The response process during the incident should basically be a 15-20 minute loop that looks something like this:
- The technical lead or investigators report to the incident commander on the current state of the service. Special attention should be paid to changes in status (it is getting better or worse, affecting a new set of users, spreading to another region, etc).
- The team reviews the status of any mitigation or solution efforts that were put in place during the previous iteration of the loop.
- If the incident is not yet resolved, the team determines what their course of action will be for the next 15-20 minutes; any new active measures need to be approved by incident commander.
- Team members go back and take their appropriate actions, and start the loop over again in 15-20 minutes.
In general, you do not want to repeat this loop in more often than once every 15 minutes, otherwise your team members will be too busy checking in to actually do what they need to. Repeating less often means that the situation can change too much between check-ins, which is bad for the incident commander's situational awareness.

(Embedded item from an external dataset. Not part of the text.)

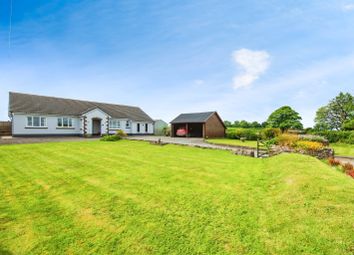 Thumbnail Bungalow for sale in Tavernspite, Whitland, Pembrokeshire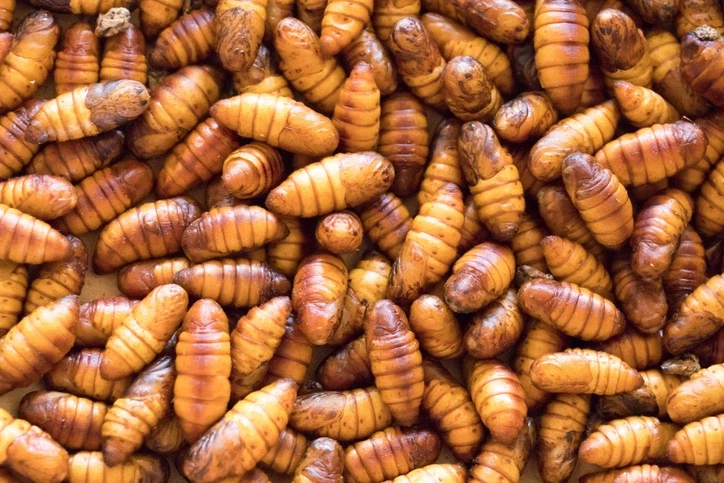 한국인도 호불호 갈리는 음식_5.webp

If the incident is resolved, it's usually a good idea to wait an additional 15 minutes before you disband the response team, just to make sure it's actually resolved, and not just a temporary blip. If things are quiet after that, you can move to the post-incident steps.
After the Incident
Once the incident is over, the incident commander should wind down the incident response and notify the rest of the engineering team and any stakeholders that the incident response is ending.
Each member of the team should review the incident record and make sure that any of their own notes are in the record. The scribe should reread the log of incident communication and make sure they have highlighted the important events in the record.
The incident commander should create a ticket to generate a retrospective and add links to the incident record as well as the first Slack message that started the incident so that the facilitator for the retrospective can review it. They should also find someone (if at all possible, someone who was not involved in the incident directly themselves) to facilitate the retrospective and assign the ticket to them.